For myself, if I can't spend some time each day daydreaming, or what
I call exploring other realms and dimensions, I get very cranky and
don't feel terribly creative. Again getting fully absorbed in
something also works for me in the same way. My suspicion is there
is a chemistry generated in these states that is beneficial for the
body.
>
> However, truth is, I prefer my listeners to hear my music rather
> than to go into a trance and miss it all, but may be not quite
> getting what a trance is all about when I say that.

For myself I tend to hear everything much more clearly in an altered
state of consciousness - almost like I can stretch time and have
enough space to hear every little nuance. I don't however remember,
or choose to remember, every detail when I'm back in full waking
consciousness, in part I think because the feeling is most precious
to me. Actually as I read over these words I realize my own personal
goal with music is to be able to express more and more of the beauty
and sacredness I can feel in these states, using my voice in
particular.

Its fun talking about this stuff with you Robert.

Mary

🔗David J. Finnamore <daeron@...>

6/14/2001 8:10:18 AM

--- In crazy_music@y..., "Robert Walker" <robertwalker@n...> wrote:

> I wonder if someone who trances easily needs to be careful about the
> type of music you listen to when driving, if listening to any music
> at all?

My only car accident in 24 years of driving was while listening - for
the first time - to the Tuning List Tape Swap tape that several of us
collaborated on in 1997. There was a beautiful sythesized choral
piece playing, sounded like angels or something, and I went right out
of my head. Someone stopped to make a left turn in front of me and by
the time I came to it was too late to do anything. Rear ended her
big pickup truck with my little Hyundai at about 35 mph, her sitting
dead still. My tool box was in the back seat on the passenger side,
and smashed almost through the windshield. If it had been on my side,
I'd have been killed.

The tape stuck in the player and wouldn't come out. Sold the car to a
junk yard and never got to hear the rest of it.

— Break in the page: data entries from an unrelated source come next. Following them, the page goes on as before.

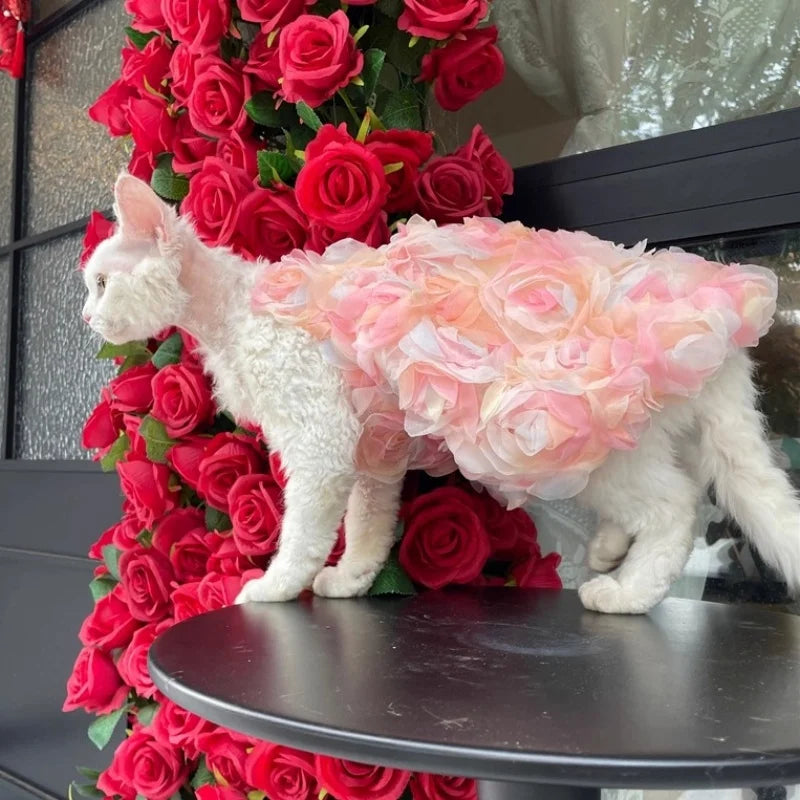 Double-layered & Breathable Soft Pink Rose Princess Dress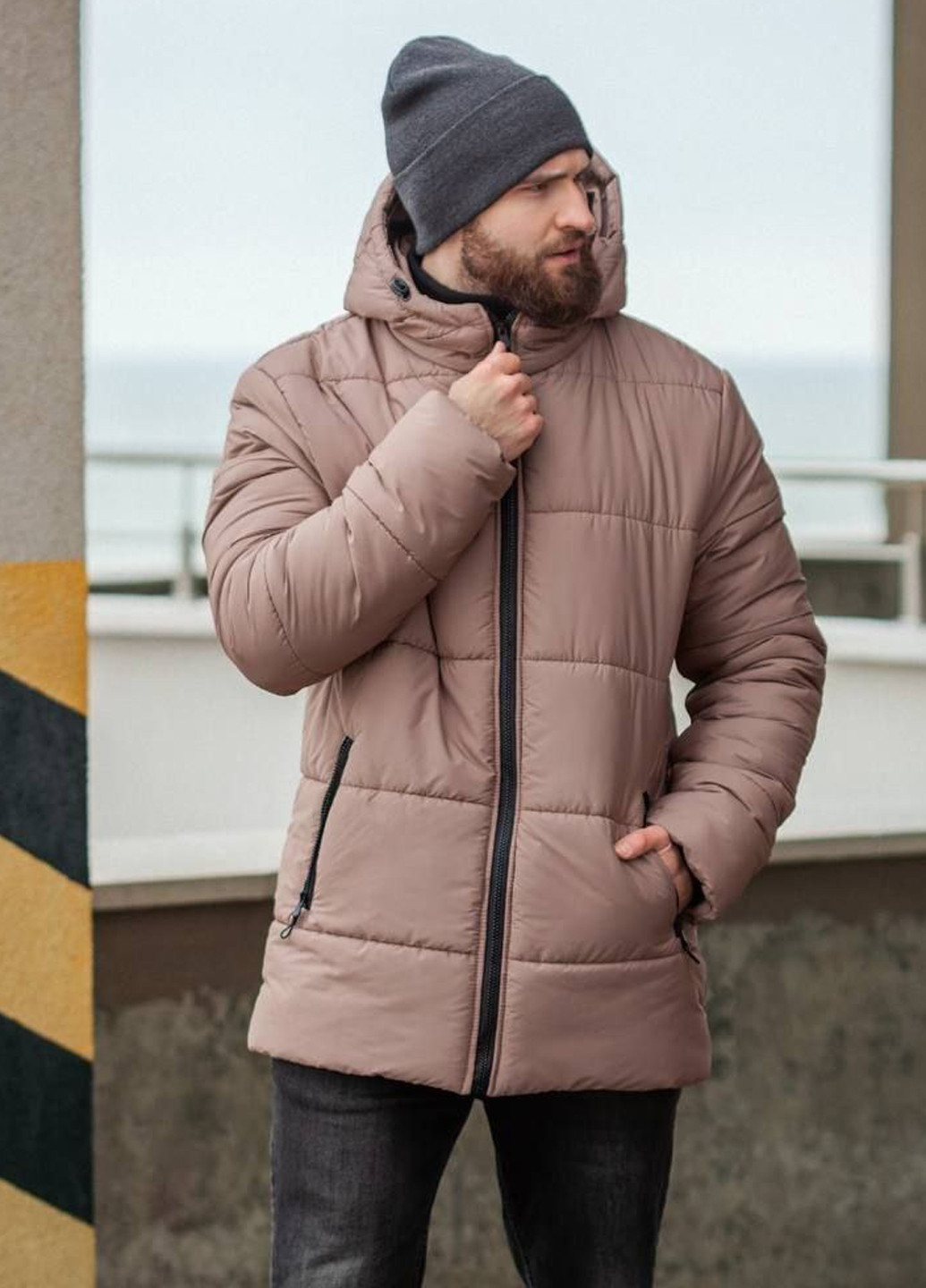 Бежева зимня куртка No Brand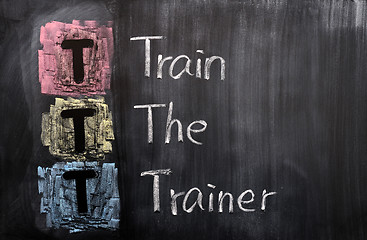 Image showing Acronym of TTT for Train the Trainer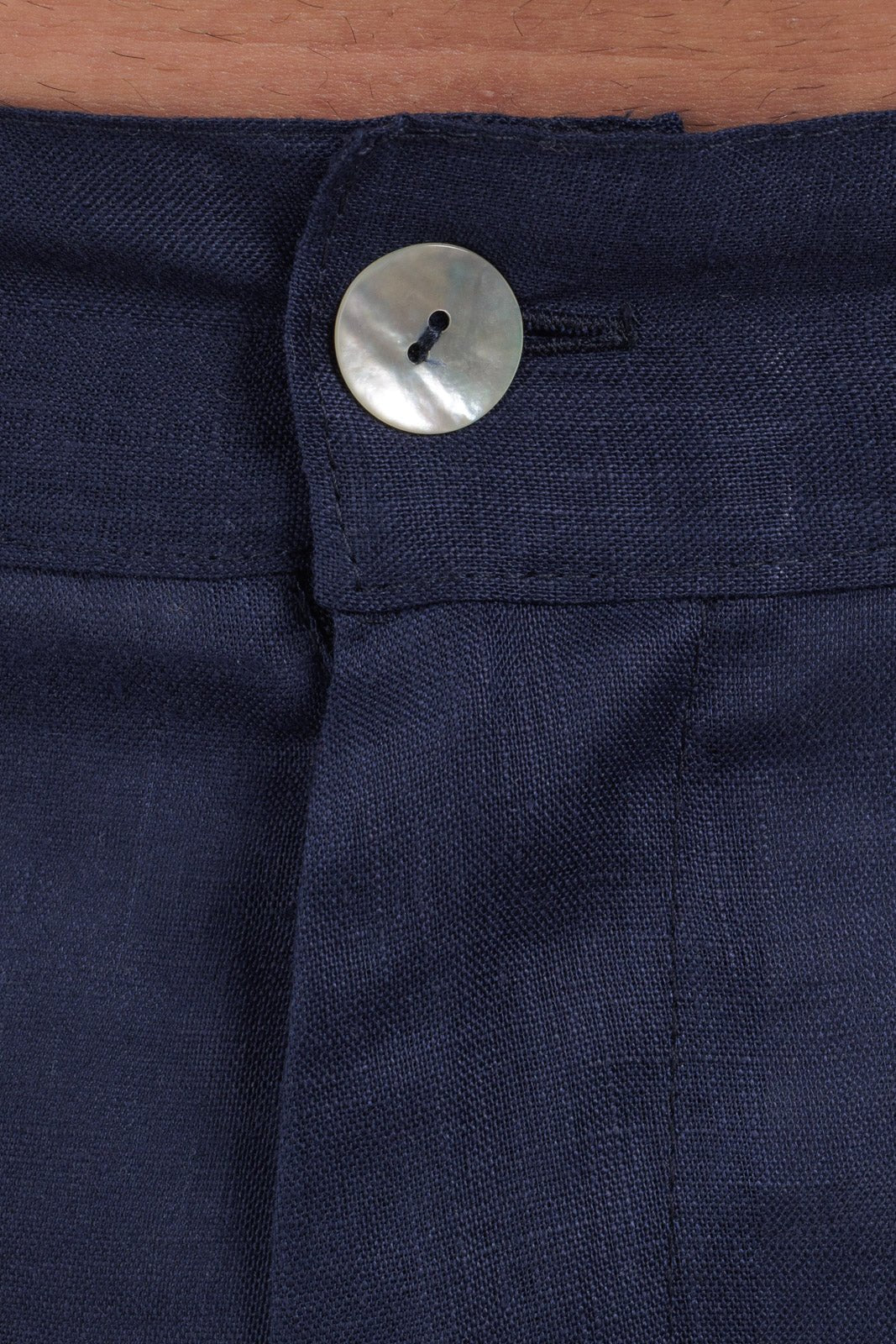 Plain Linen Shorts Bermuda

So, yes, be vvveeeerrryy careful what kinds of music you listen to
while driving, esp. microtonal music. I always listen to some kind of
music while driving, except mid day when talk radio heats up. Never
had any problems with Western classical, rock, jazz, bluegrass,
whatever. Maybe get a little sleepy sometimes during Echoes, or
Hearts of Space, which are two public radio shows featuring "New Age"
music of various kinds. But microtonal stuff can get very powerful
on the psyche, esp. on first listen.